### [WORK INSTRUCTIONS]
All lines of the listing that contain "Bild" should be shown in full.

### [PROVIDED ENTRIES]
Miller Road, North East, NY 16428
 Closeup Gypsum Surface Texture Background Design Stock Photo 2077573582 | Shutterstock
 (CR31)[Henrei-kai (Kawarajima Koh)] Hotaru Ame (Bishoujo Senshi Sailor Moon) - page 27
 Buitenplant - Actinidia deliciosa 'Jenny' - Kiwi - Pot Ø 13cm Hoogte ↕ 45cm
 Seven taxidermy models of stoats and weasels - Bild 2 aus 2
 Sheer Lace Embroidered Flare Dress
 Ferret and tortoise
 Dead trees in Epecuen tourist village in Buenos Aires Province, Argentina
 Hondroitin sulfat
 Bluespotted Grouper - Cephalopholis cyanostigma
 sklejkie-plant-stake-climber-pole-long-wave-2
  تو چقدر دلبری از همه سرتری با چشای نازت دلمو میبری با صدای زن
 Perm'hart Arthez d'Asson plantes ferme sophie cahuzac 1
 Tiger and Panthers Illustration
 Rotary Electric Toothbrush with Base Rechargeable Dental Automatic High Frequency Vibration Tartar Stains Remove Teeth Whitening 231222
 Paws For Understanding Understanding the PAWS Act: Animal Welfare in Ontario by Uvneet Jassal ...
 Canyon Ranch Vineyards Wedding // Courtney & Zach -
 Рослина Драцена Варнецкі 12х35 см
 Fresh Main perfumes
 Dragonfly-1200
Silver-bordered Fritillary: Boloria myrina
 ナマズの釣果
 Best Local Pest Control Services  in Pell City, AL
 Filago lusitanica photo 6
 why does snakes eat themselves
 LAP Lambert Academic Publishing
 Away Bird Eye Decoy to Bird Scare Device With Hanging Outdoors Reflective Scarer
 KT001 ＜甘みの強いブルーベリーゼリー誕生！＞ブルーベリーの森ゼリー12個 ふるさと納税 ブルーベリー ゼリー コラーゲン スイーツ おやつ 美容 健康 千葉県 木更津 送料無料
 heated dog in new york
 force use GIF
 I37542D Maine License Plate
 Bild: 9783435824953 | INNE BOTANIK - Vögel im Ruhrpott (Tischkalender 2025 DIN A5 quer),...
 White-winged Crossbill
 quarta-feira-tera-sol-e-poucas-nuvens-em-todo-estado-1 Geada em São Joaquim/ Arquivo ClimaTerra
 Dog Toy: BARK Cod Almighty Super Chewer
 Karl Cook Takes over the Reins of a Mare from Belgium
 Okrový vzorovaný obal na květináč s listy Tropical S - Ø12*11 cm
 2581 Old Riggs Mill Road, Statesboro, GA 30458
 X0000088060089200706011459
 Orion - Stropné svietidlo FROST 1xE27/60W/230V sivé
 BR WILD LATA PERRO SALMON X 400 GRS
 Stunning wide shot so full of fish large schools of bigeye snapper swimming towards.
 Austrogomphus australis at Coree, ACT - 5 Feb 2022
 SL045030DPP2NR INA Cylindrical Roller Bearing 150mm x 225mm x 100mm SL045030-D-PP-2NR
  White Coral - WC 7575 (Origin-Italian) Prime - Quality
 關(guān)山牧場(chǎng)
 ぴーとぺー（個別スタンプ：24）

### [EXERCISE SOLUTION]
 Seven taxidermy models of stoats and weasels - Bild 2 aus 2
 Bild: 9783435824953 | INNE BOTANIK - Vögel im Ruhrpott (Tischkalender 2025 DIN A5 quer),...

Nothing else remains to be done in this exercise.